Interdisciplinary in orientation, this study draws knowledge from the fields of Translation Studies, History and Political Science in a bid to explore the interplay between translation and nationalism in a sub-Saharan African context. More specifically, the current research focuses on the Nigerian experience of nationhood and seeks to investigate the effect(s) of translation on the construction of a psychological notion of nationalism that aligns with the concept of the nation as an imagined community. The research upon which this study rests makes use of the socio-historical approach to translation theory and practice, which privileges such questions as what was translated, by whom and in what social and political contexts.

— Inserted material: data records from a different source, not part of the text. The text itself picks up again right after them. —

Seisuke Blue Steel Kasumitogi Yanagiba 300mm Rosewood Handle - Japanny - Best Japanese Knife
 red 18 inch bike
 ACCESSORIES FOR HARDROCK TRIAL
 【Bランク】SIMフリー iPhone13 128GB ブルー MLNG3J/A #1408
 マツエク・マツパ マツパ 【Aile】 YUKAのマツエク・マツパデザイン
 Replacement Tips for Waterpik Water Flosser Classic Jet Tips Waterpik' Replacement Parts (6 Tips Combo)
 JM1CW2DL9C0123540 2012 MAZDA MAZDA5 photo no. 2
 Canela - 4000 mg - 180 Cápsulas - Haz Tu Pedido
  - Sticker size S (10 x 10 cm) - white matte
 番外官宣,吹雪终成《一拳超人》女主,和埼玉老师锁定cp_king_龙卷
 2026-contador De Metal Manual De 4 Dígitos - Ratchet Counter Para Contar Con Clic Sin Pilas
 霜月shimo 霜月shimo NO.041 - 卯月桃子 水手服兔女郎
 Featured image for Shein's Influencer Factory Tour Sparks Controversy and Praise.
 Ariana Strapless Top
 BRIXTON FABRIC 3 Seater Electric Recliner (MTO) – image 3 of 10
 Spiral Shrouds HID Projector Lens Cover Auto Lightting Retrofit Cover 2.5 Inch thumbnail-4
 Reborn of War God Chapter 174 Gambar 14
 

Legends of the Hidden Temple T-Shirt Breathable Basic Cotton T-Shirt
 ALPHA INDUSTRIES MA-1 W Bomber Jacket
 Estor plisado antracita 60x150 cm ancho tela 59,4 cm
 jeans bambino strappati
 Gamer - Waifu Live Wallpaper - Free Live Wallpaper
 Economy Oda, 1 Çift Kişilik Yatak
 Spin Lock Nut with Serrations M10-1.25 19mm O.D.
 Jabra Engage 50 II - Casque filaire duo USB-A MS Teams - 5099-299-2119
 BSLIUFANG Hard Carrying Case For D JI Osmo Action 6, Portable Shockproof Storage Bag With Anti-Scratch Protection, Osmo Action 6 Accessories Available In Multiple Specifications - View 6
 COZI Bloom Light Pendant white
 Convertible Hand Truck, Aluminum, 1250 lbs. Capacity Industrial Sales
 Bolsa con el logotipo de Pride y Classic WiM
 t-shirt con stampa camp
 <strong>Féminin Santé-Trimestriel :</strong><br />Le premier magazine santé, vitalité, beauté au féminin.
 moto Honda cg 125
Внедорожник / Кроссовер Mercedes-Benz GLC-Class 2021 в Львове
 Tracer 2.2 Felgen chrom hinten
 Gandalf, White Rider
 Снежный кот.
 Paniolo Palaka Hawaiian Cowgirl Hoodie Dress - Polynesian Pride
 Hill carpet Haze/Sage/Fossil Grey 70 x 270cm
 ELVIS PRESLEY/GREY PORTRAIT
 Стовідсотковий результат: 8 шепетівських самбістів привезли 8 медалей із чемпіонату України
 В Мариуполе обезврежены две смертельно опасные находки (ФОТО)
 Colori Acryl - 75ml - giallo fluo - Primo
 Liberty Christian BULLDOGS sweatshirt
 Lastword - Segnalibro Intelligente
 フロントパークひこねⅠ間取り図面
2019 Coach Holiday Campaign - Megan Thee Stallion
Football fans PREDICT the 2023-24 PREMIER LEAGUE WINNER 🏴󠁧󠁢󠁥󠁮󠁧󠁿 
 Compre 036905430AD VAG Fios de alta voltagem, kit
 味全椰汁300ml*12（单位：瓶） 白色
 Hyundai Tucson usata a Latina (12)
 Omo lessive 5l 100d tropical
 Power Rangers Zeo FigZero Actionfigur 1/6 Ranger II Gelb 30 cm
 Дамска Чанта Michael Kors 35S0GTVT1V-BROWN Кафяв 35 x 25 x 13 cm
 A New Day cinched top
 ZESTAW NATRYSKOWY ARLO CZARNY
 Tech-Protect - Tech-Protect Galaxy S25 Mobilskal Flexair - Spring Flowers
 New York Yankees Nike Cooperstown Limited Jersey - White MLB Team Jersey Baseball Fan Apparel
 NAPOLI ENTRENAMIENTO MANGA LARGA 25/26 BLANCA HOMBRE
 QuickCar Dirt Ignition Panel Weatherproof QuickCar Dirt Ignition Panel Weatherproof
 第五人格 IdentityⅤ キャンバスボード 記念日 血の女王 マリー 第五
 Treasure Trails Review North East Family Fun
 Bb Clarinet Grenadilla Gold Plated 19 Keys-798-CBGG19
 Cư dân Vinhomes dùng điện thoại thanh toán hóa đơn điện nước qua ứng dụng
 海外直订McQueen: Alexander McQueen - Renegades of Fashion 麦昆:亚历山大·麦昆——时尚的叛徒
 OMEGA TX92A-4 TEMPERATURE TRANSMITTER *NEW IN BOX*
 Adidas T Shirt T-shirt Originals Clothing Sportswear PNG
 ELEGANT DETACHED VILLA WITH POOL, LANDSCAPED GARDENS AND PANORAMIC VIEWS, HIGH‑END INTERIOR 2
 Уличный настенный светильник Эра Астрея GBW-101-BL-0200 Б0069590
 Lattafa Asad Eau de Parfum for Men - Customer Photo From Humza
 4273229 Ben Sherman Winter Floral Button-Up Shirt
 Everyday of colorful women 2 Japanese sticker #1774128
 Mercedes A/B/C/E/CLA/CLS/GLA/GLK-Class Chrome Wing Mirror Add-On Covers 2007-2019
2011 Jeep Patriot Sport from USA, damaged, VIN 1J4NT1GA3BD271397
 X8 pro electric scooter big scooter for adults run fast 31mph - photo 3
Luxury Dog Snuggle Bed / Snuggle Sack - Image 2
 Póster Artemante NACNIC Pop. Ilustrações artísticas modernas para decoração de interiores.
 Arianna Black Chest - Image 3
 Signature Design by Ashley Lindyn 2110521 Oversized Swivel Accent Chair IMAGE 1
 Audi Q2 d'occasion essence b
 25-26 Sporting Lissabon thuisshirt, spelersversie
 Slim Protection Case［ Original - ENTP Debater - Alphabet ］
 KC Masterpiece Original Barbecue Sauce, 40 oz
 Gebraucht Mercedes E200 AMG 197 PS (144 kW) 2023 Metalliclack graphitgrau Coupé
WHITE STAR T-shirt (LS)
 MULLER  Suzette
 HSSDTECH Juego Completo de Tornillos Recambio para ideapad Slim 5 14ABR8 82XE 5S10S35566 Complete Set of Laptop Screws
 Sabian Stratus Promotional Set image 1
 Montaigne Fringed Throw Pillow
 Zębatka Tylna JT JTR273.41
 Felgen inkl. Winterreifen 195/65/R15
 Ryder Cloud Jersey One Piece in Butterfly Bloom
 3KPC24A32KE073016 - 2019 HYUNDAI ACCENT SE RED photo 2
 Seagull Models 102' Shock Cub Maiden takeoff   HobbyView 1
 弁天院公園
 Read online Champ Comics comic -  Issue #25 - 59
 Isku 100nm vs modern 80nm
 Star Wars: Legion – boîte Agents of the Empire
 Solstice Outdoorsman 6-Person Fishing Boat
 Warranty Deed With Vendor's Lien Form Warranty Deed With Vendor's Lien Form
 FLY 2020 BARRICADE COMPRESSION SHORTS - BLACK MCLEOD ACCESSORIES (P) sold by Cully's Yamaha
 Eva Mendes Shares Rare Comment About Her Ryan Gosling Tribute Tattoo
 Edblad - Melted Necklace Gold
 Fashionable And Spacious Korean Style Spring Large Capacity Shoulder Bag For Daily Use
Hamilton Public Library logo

The findings point to
the existence of several notions and experiences of translation that are specific to oralate communities, and further buttress the argument that Western conventions, despite their major contributions to knowledge, do not sufficiently account for the cultural sensibilities that animate the practice of translation in national contexts that boast a robust historical and ongoing relationship with orality. What’s more, the current study reveals the roles played by precolonial translation practices in the sustenance of the prevailing religious and cultural traditions, which in turn helped corral the precolonialnation’s inhabitants into a non-coerced form of social conformity and consciousness.
Translation would subsequently replace the precolonial model of nationhood with a national imagination that was steeped in British colonial paradigms and fashioned to meet the ends of colonial nationalism. In the Nigerian postcolony, the role of translation in fashioning an anti-imperialist literary discourse as well as the production of fictional representations of contemporary social realities has spurred “national texts,” which have not only resonated within the consciousnesses of the nation’s diverse peoples, but have also inspired them to think of themselves as members of the same community.This sense of community has, however, been fraught with myriad problems, such as translation’s involvement in the consolidation and promotion of the Northern reality of Islamic fundamentalism and conservatism, which has, over the centuries, pulled most of the inhabitants of the Northern half of the nation-space into a regional sub-culture that is buoyed by ideological forces operating out of the Arabian peninsula. Translation has therefore facilitated a conflicting experience of nationhood in the contemporary nation-space that is deeply rooted in a historical legacy of religious and cultural alterity.